Au fur et à mesure que les enfants grandissent, la narration glisse de façon de plus en plus concrète vers la mélancolie adolescente, voire vers une certaine détresse, pour les vies les plus accidentées. Les enfants parlent d’intimidation scolaire, de leur découverte des inégalités sociales, du suicide d’un proche ou de leurs angoisses par rapport à leur vie future. Comme pour le reste, O’Bomsawin aborde ces questions de façon à être fidèle à la façon dont ses jeunes protagonistes vivent et expriment ces expériences. Iels parlent de l’inaction des « grandes personnes » ou des « adultes » plutôt que du « gouvernement » ou de l’influence de « l’économie ». Le film montre ainsi avec subtilité à quel point les structures politiques dessinent leurs vies tout autant que leurs individualités et leurs expériences quotidiennes. Après que nous l’ayons vu construire sa cabane, Issac dit vouloir devenir architecte afin d’embellir Manawan et de prendre soin de la communauté qui l’a vu naître, en apportant une beauté qui, selon lui, manque aux bâtiments et à l’aménagement urbain. Son frère veut devenir oncologue depuis qu’un membre de leur famille a développé un cancer. D’autres sont avant tout préoccupé·e·s par la nécessité de partir de leur communauté afin d’étudier, prenant le risque de ne plus parler leur langue et de ne plus être en contact avec leur culture.
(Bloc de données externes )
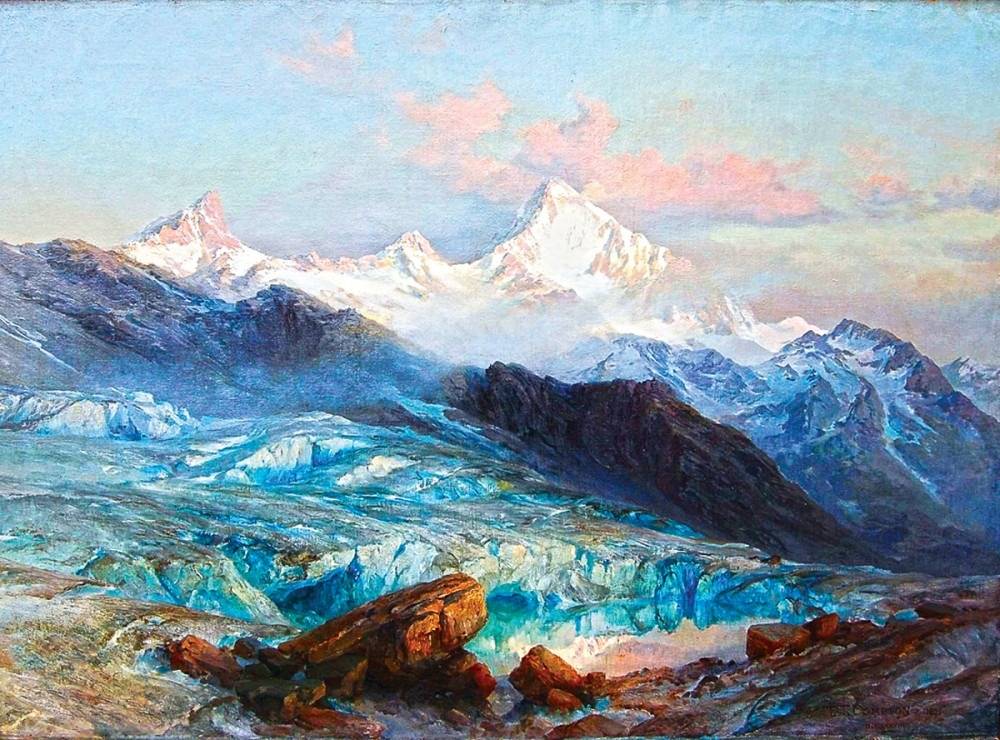 德国艺术家爱德华·西奥多·康普顿 气势宏伟的山脉风景画_水彩_人物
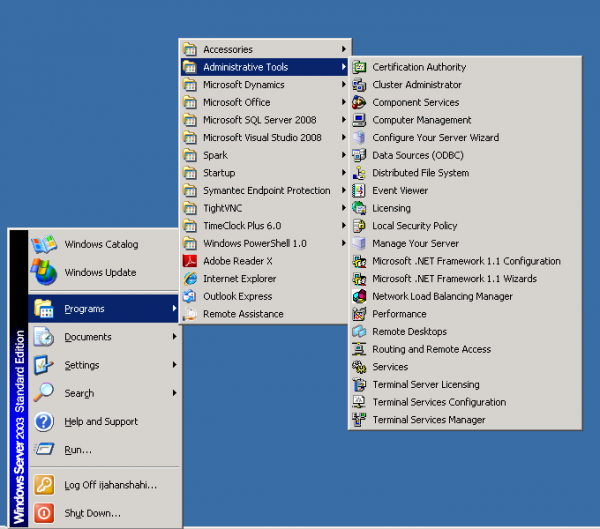 raccourci pour le gestionnaire de serveur vers Windows 2003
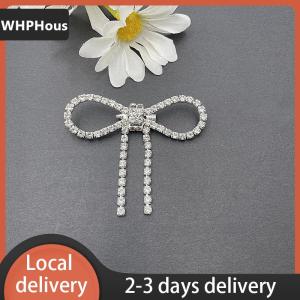 [COD] WHPHous Ship within 24 hours Fashion Shiny Rhinestone Bow Buckle Pearl Tassel Pin Diamond Buckle DIY Garment Shoe Bag Applique Wedding Accessories Gifts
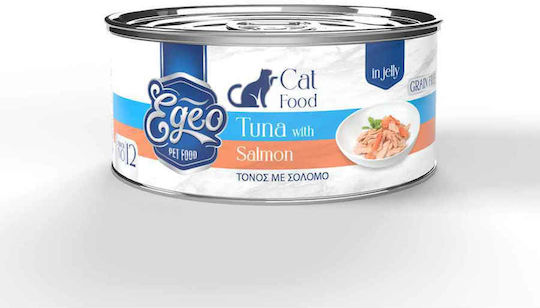 Egeo Pet Food Υγρή Τροφή για Ενήλικες Γάτες σε Κονσέρβα με Τόνο χωρίς Σιτηρά 85gr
O’Bomsawin relève le défi, tant éthique qu’esthétique, de s’effacer afin de se mettre à la hauteur de son sujet. À d’éventuelles expérimentations formelles, dont l’objectif serait une éventuelle recherche d’horizontalité entre le réalisateur et les protagonistes, O’Bomsawin préfère s’éclipser. Pourtant, c’est bien là le paradoxe central à sa démarche : si elle se met « au niveau de », elle reste néanmoins toujours là en tant qu’adulte. Au fil du film, on s’aperçoit ainsi que le « nous » du titre représente une idée plus profonde qu’une simple transversalité géographique. Il est également porteur d’une perspective transgénérationnelle. Kim O’Bomsawin filme depuis l’enfant qu’elle a été et qu’elle est en quelque sorte toujours par l’héritage qu’elle porte en elle, une appréhension du monde et de la filiation directement évoquée par Monique : « Quand on dit que les générations futures ont les mêmes cicatrices que celles d’avant […], on le ressent nous autres parce que nos parents ont mal. Ils ne veulent pas nous le transmettre, mais on dirait qu’ils ne s’en rendent pas compte. » Ninan Auassat : Nous, les enfants est une fenêtre ouverte sur un processus en perpétuel renouvellement où chaque génération naît autant avec les stigmates du passé, et avec l’espoir que ceux-ci s’estompent.